To fix this, CPU0 must have a barrier between steps 1 and 2, to ensure the data has definitely been written before the semaphore is written. Having the atomic write be a barrier is a nice simple way to do this. However since barriers are pretty performance-degrading you want the lightweight no-barrier version as well for situations where you don't need this kind of full synchronisation.
Now, the even less intuitive part is that CPU1 could also reorder its loads. Again since there is no address dependency, it would be free to speculate the data load before the semaphore load irrespective of CPU0's barrier. Thus CPU1 also needs its own barrier between steps 4 and 5.
For the more authoritative, but pretty heavy going, version have a read of ARM's Barrier Litmus Tests and Cookbook. Be warned, this stuff can be confusing ;)
As an aside, in this case the architectural semantics of acquire/release complicate things further. Since they are only one-way barriers, whilst OSAtomicAdd32Barrier adds up to a full barrier relative to code before and after it, it doesn't actually guarantee any ordering relative to the atomic operation itself - see this discussion from Linux for more explanation. Of course, that's from the theoretical point of view of the architecture; in reality it's not inconceivable that the A7 hardware has taken the 'simple' option of wiring up LDAXR to just do DMB+LDXR, and so on, meaning they can get away with this since they're at liberty to code to their own implementation, rather than the specification.

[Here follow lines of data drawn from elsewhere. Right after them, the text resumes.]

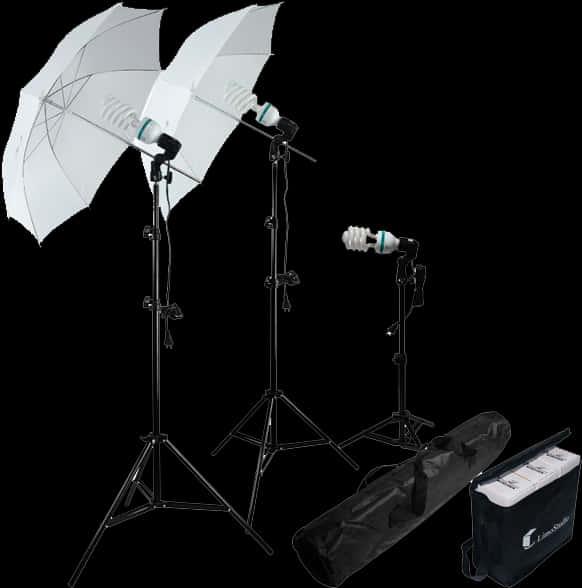 Professional Photography Lighting Equipment Setup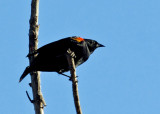 Red-winged Blackbird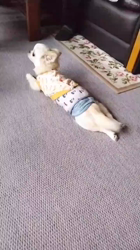 秋葉直子ブリーダーからお迎えしたチワワ(ロング)：モフおくん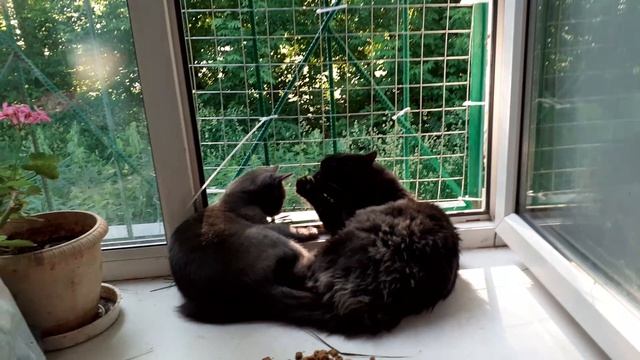 Мишка с Тишкой.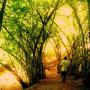 Ia Vang Photo 24
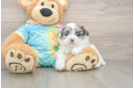 Shih Poo Pup Being Cute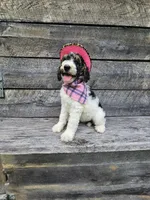 Zelda Ckc, a female Poodle - Standard  for sale in Blairsville, GA – 1 of 10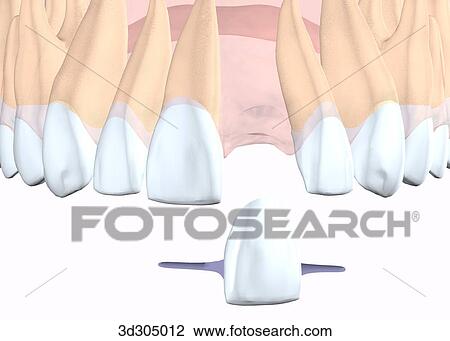 View of Maryland bridge. View Large Illustration Drawing - View of Maryland bridge.. Fotosearch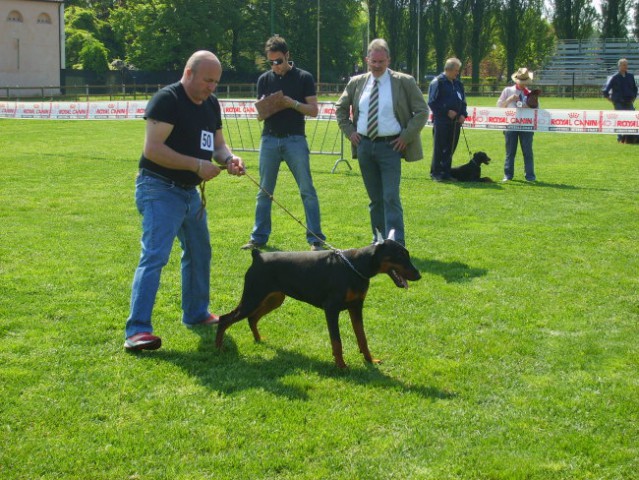 Trofeo triveneto - foto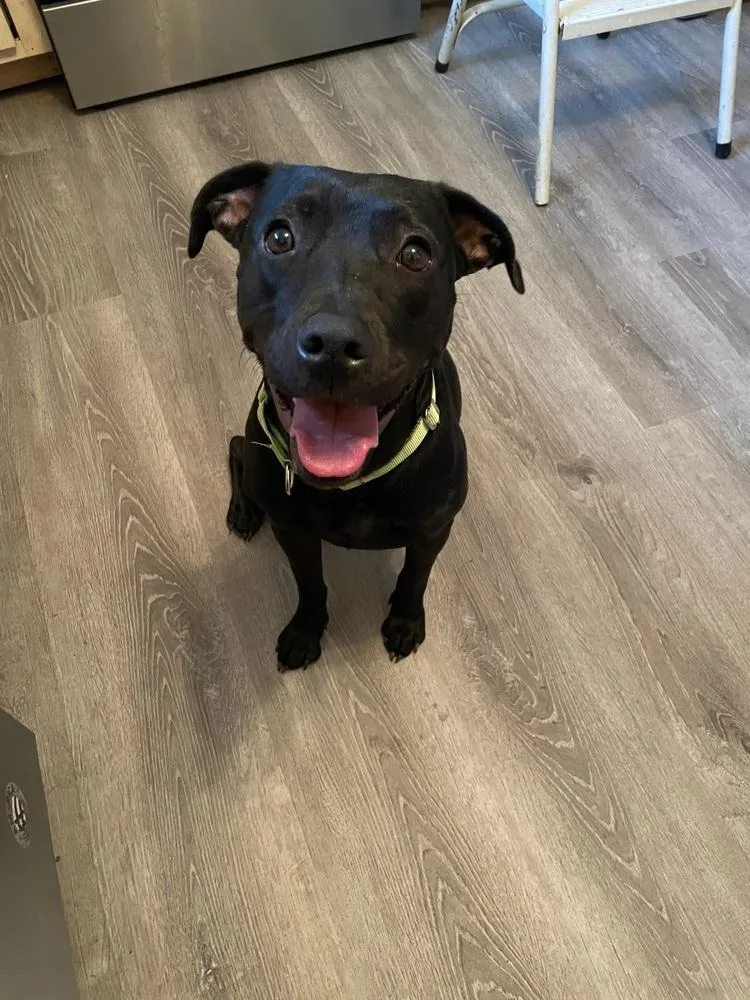 A young medium-sized female Black Labrador Retriever dog named Margot 🤍💜 A for adoption in Silsbee, TX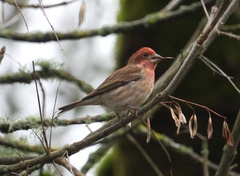 Haemorhous purpureus californicus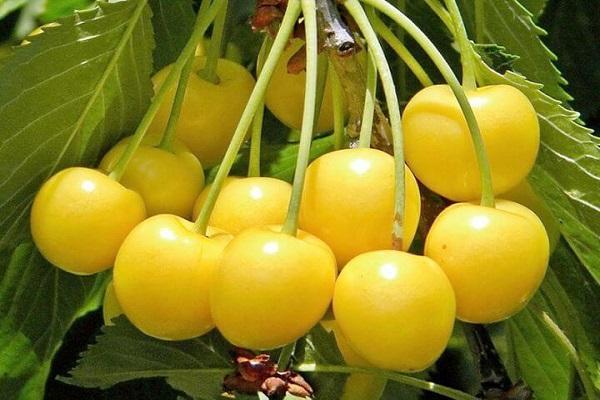 เชอร์รี่สีเหลือง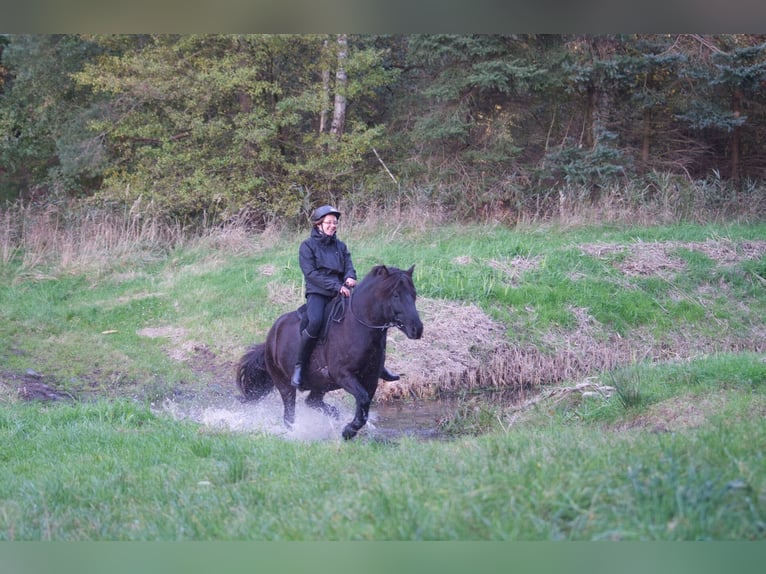 Pony Islandese Castrone 9 Anni 138 cm Morello in Ribbesbüttel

OSAtomicAdd32Barrier() exists for people that are using OSAtomicAdd() for something beyond just atomic increment. Specifically, they are implementing their own multi-processing synchronization primitives based on OSAtomicAdd(). For example, creating their own mutex library. OSAtomicAdd32Barrier() uses heavy barrier instructions to enforce memory ordering on both side of the atomic operation. This is not desirable in normal usage.
To summarize:
1) If you just want to increment an integer in a thread-safe way, use OSAtomicAdd32()
2) If you are stuck with a bunch of old code that foolishly assumes OSAtomicAdd32() can be used as an interprocessor memory ordering and speculation barrier, replace it with OSAtomicAdd32Barrier()
I would guess that this is simply a way of reproducing existing architecture-independent semantics for this operation.
With the ldaxr/stlxr pair, the above sequence will assure correct ordering if the AtomicAdd32 is used as a synchronization mechanism (mutex/semaphore) - regardless of whether the resulting higher-level operation is an acquire or release.
So - this is not about enforcing consistency of the atomic add, but about enforcing ordering between acquiring/releasing a mutex and any operations performed on the resource protected by that mutex.
It is less efficient than the ldxar/stxr or ldxr/stlxr you would use in a normal native synchronization mechanism, but if you have existing platform-independent code expecting an atomic add with those semantics, this is probably the best way to implement it.